Technically, much of Alaska already operates in a microgrid format. That’s because the state is enormous — more than twice the size of Texas — and sparsely populated, with fewer residents than all but two states. There’s no widespread transmission system, and most towns aren’t connected by roads. So the rural areas largely rely on technology such as local diesel generators, and either bring in the fuel by barge or airplane.

“There are 250-300 remote communities that are not connected to that transmission system and generally also are not connected by road,” said Marc Mueller-Stoffels, director of the Power Systems Integration program at UAF’s Alaska Center for Energy and Power (ACEP).

Compare that to the Midwestern U.S., where a multi-state interconnection system exists to ensure electricity is available 24/7 wherever it’s needed, and a fleet of power plants stand ready to meet peak demand.

The problem with the traditional way of using energy in Alaska is that it relies on a few very narrow pathways to deliver heat to the cold. That means concerns about not only adequacy, but cost. In some places, the price of electricity is above $1 per kilowatt-hour, he said. The national average is 9.81 cents per kilowatt-hour, according to the U.S. Energy Information Administration.

“If you rely on receiving your fuel shipments, that puts you at risk in two ways. One is you’re tied to the fluctuations of cost in the world market — and from 2007 to 2009 our utilities saw a 300 percent increase in fuel cost, which is hard to handle,” Mueller-Stoffels said. “The second part is that you’re at the end of a very long supply line.”

That means a lot of opportunities for disruption. Maybe a river floods in a certain way, preventing barges from delivering diesel. Maybe sea ice delays a ship, like in Nome in 2012. Anything like that can drive up prices.

But technology is changing all that. Renewable generators such as wind and solar don’t need fuel — not the kind one can buy off a barge, anyway. And the price of those generators continues to plummet dramatically, bringing them into the realm of affordability for Alaska’s small towns.

That’s the case for energy storage too — as more automakers invest in battery-powered electric cars and research dollars pour in to improve those batteries, storage has become an option for making renewables work. Combined with concepts like efficiency, which reduces energy demand, and demand response, which reduces demand at strategic moments, Mueller-Stoffels said it’s getting easier for isolated towns to keep the lights on without fuel — if even for a limited time.

“We want to get to the point where you can turn your diesel off at times by using energy storage and by using demand response,” he said.

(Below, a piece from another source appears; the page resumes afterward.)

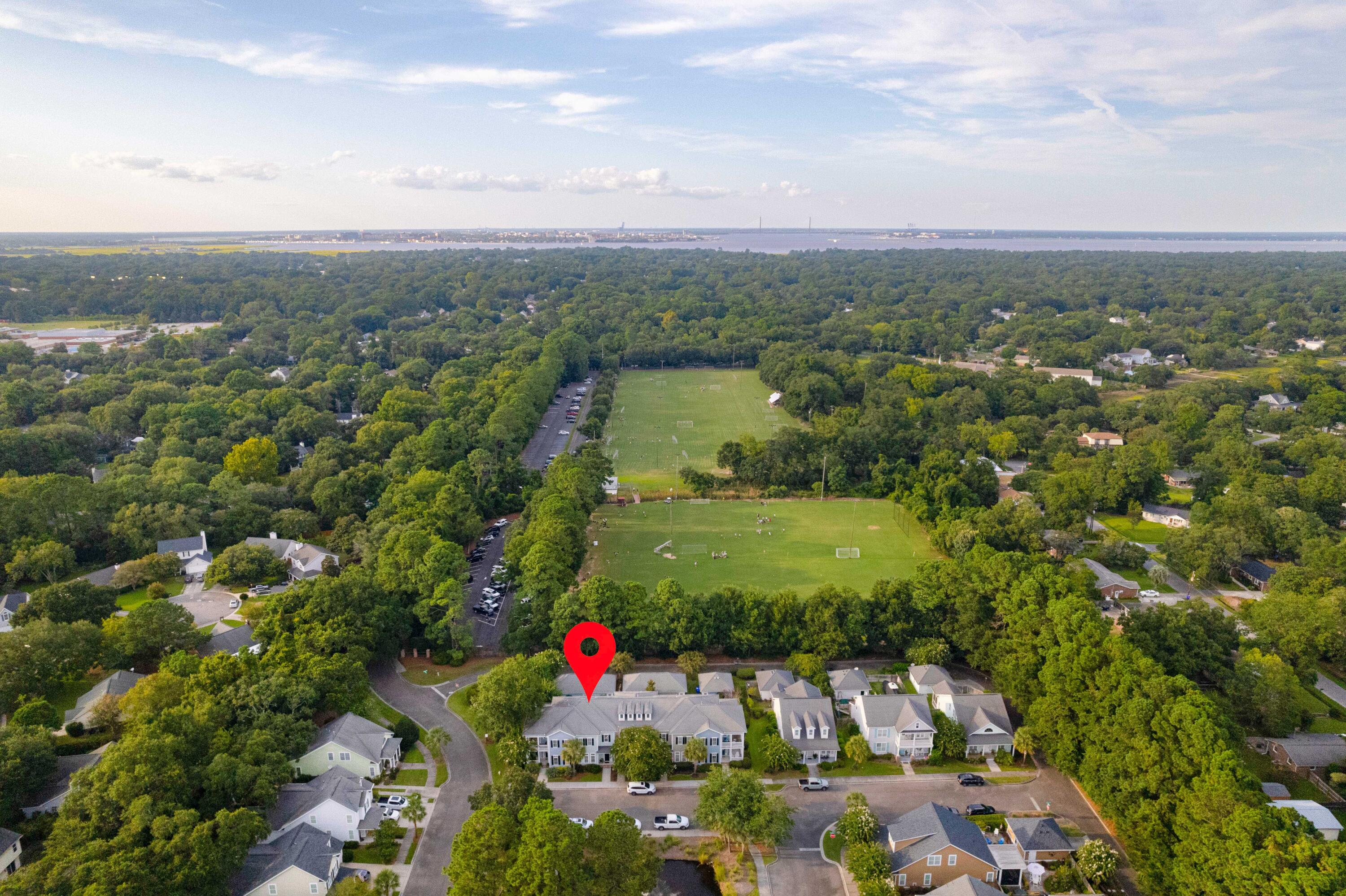 Aerial view of a home marked by a red pin near wooded soccer fields.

The ACEP programs do a lot for both utilities and people looking to sell to utilities, according to Mueller-Stoffels. The harsh weather conditions — sub-zero temperatures and heavy snowfall and ice accumulation, for starters — mean some technologies need special adjustments. The variability of renewables means that modeling services become important for the utilities looking to use them. The university’s labs provide a place for testing before products and services are deployed in the field.

“We’re able to help technology developers in getting their products ready for the field, in the harsh conditions and the demand on the technology when you send it out to remote Alaska,” he said. “It’s a combination of severe harsh climate conditions — very different operating conditions compared with the national grid — and even capacity availability, and then just the sheer remoteness and cost of doing business out there.”

So should the rest of rural America be booking flights to Fairbanks to find out how to set up microgrids? While some of the lessons learned in rural Alaska might be useful for setting up microgrids in general, the 24/7 model where an entire town disconnects from a larger grid might not make sense in other places, he said. That’s because most of the rest of the U.S. — even the rural parts — are already hooked up to transition lines and have roads allowing for the delivery of fuel.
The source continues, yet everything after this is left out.